» WHAT NEEDS TO BE DONE: Transcribe the records below exactly, leaving out any pictures.

» DATA FOR THIS TASK:

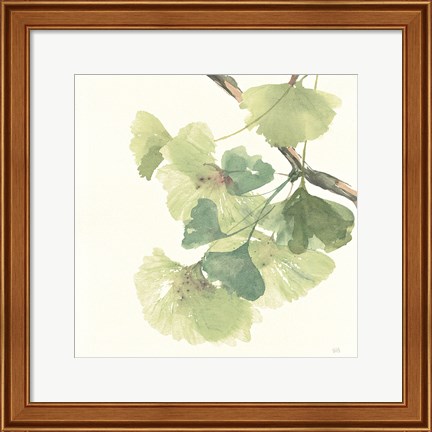 Framed Gingko Leaves II Light Print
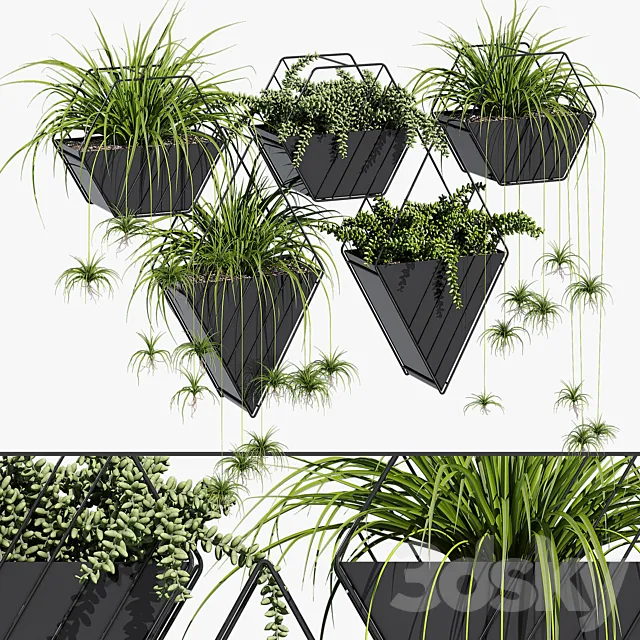 Tulan hanging planter 3D Model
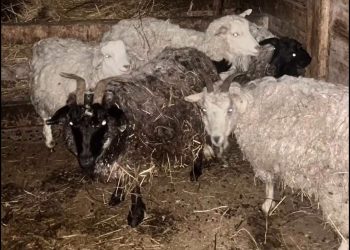 ШҚО-да қорадан бес бас мал ұрлаған күдіктілер ұсталды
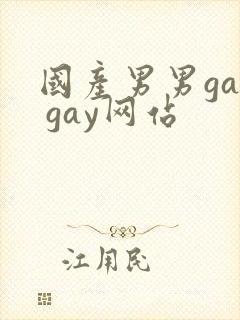 国产男男gay gay网站封面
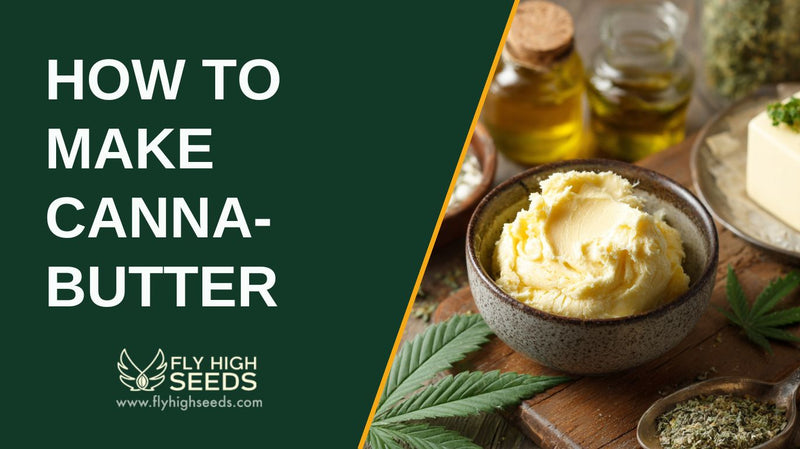 how to make cannabutter featured image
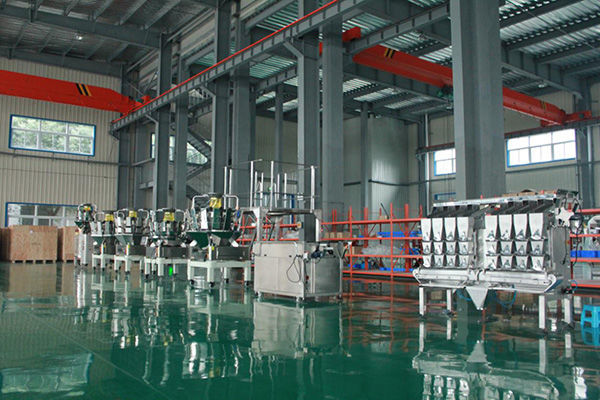 Powder, Nuts, Spices, Rice, Beans, Chickpeas, Bars 10 Head Weigher&Packaging System 3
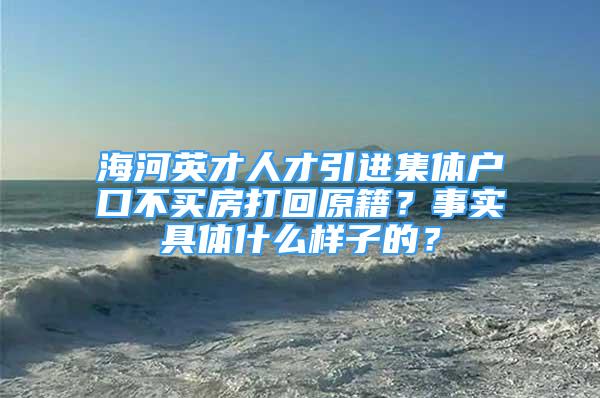 海河英才人才引進集體戶口不買房打回原籍？事實具體什么樣子的？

» TASK RESPONSE:
 Framed Gingko Leaves II Light Print
 Tulan hanging planter 3D Model
 ШҚО-да қорадан бес бас мал ұрлаған күдіктілер ұсталды
 国产男男gay gay网站封面
 how to make cannabutter featured image
 Powder, Nuts, Spices, Rice, Beans, Chickpeas, Bars 10 Head Weigher&Packaging System 3
 海河英才人才引進集體戶口不買房打回原籍？事實具體什么樣子的？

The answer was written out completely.